TASK DIRECTIONS –
Please reproduce the lines from the one containing "Entrenamiento Liverpool Conjunto" through the end of the data below exactly as they stand, and omit all pictures.

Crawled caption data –
=== Begin Enclosure ===
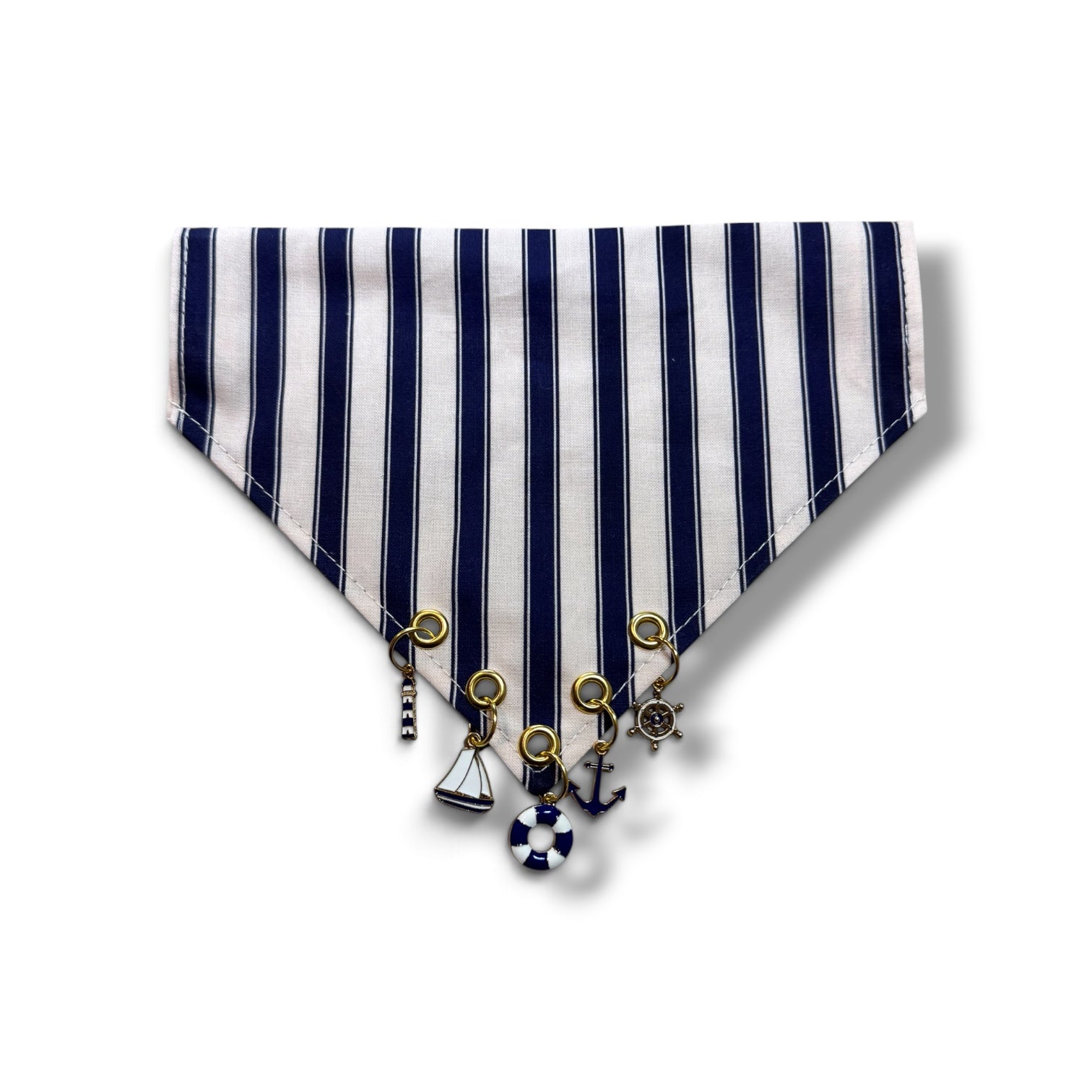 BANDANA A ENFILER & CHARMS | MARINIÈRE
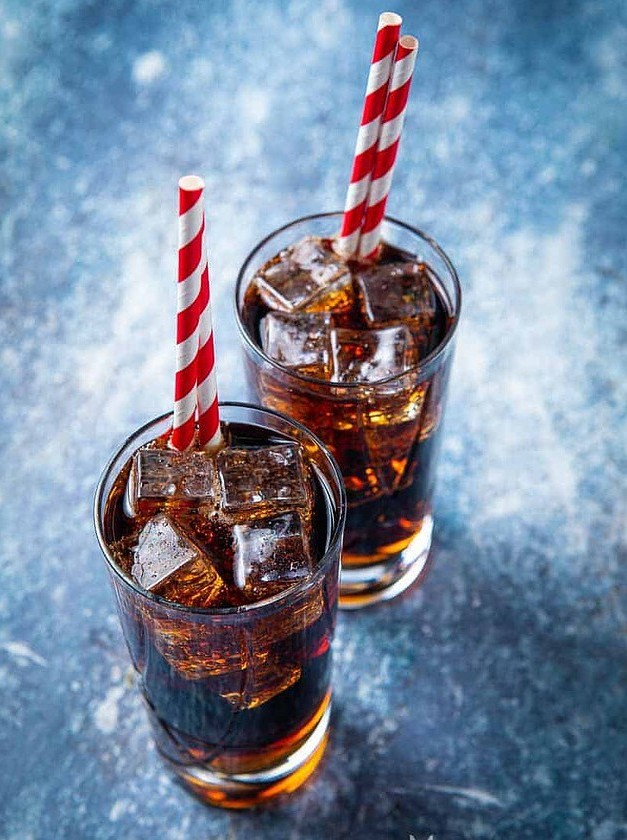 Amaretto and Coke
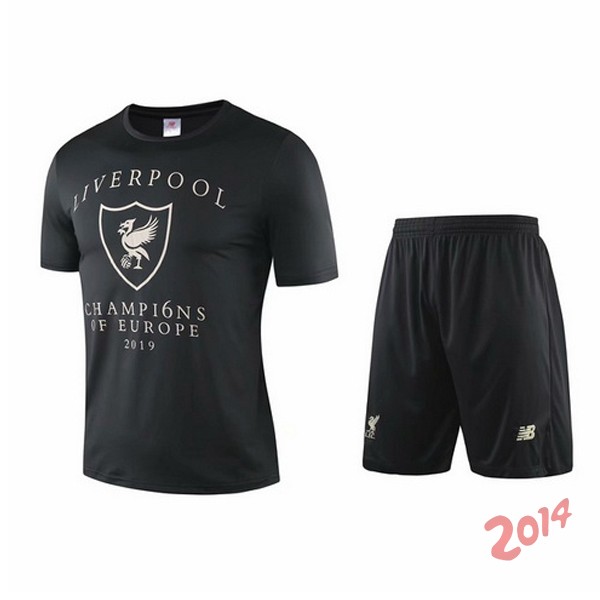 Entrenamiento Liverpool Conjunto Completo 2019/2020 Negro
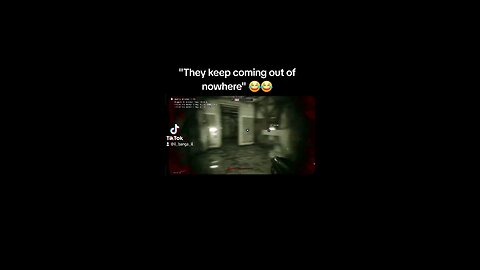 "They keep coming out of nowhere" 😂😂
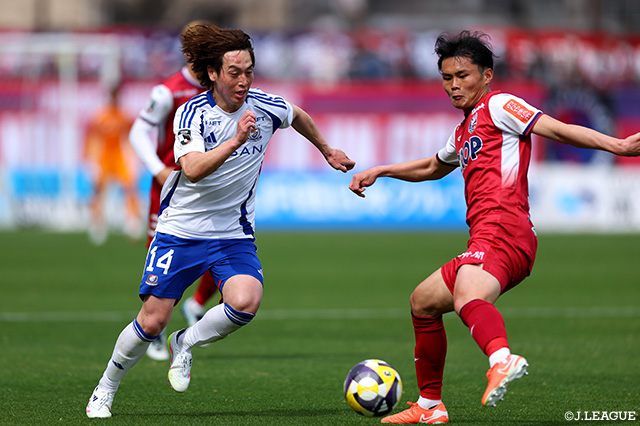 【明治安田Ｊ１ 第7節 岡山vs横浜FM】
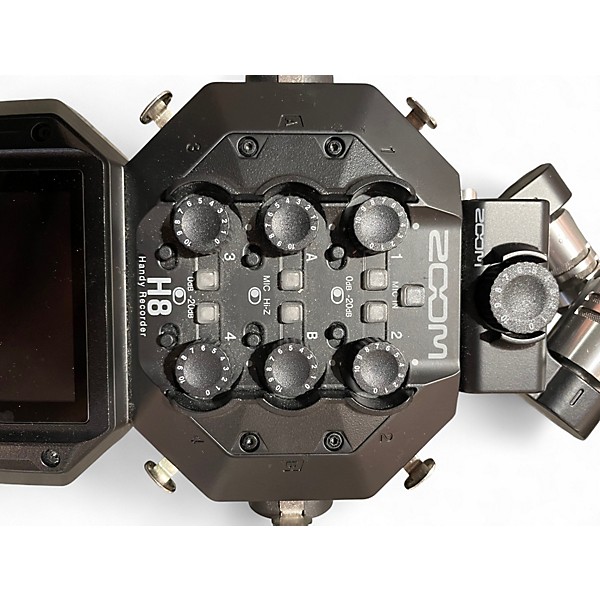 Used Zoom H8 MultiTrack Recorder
=== End Enclosure ===
TASK OUTPUT –
 Entrenamiento Liverpool Conjunto Completo 2019/2020 Negro
 "They keep coming out of nowhere" 😂😂
 【明治安田Ｊ１ 第7節 岡山vs横浜FM】
 Used Zoom H8 MultiTrack Recorder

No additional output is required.